**Data provided:**

╔══

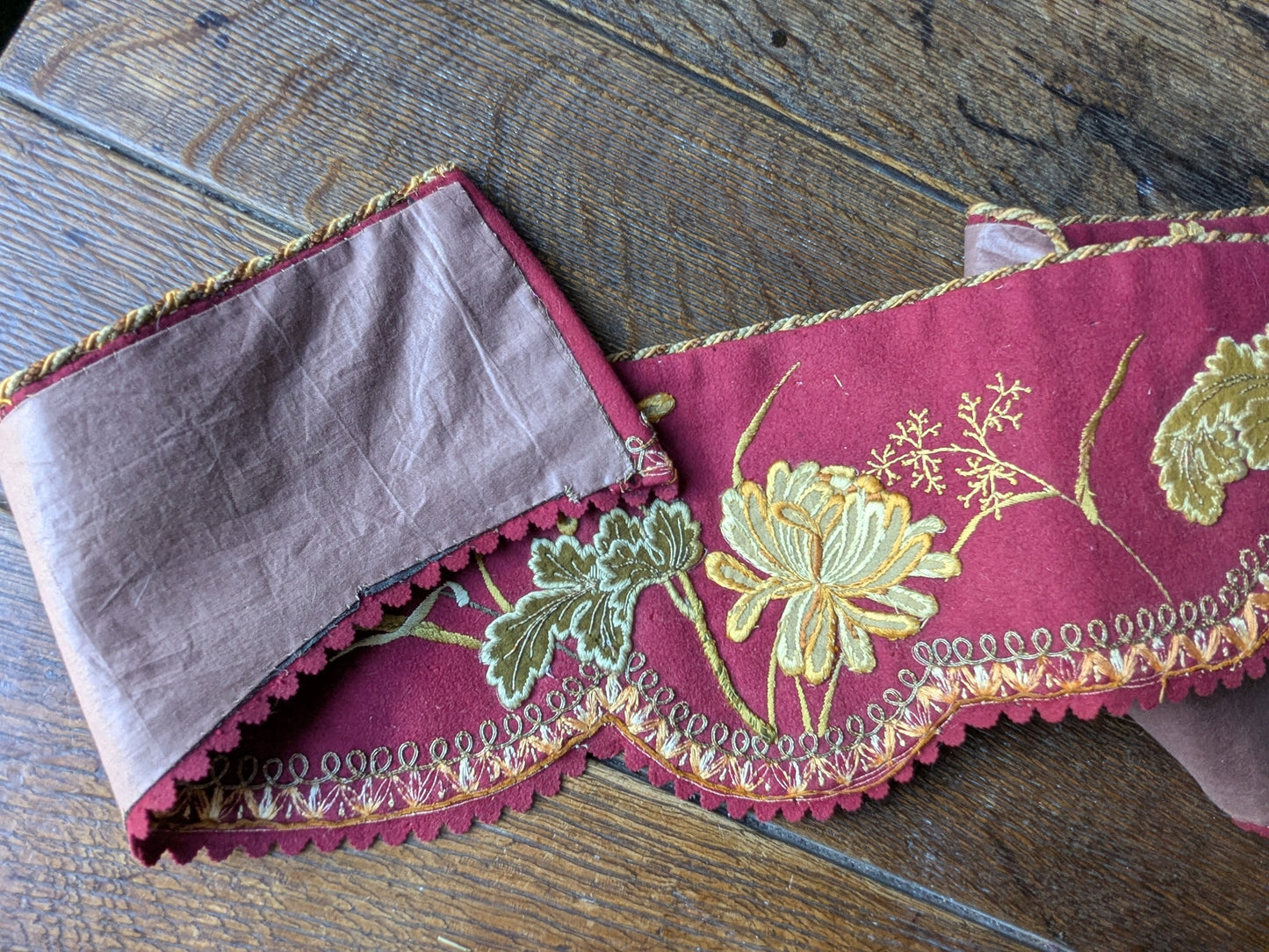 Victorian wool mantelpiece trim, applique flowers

╚══
╔══

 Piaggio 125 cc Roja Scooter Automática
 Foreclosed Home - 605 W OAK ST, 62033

╚══

Reproduce exactly the section above that begins at the line containing "Piaggio 125 cc Roja Scooter Automática" and ends at the line containing "Foreclosed Home - 605 W OAK ST, 62033", leaving out all other lines.

**Finished exercise:**
 Piaggio 125 cc Roja Scooter Automática
 Foreclosed Home - 605 W OAK ST, 62033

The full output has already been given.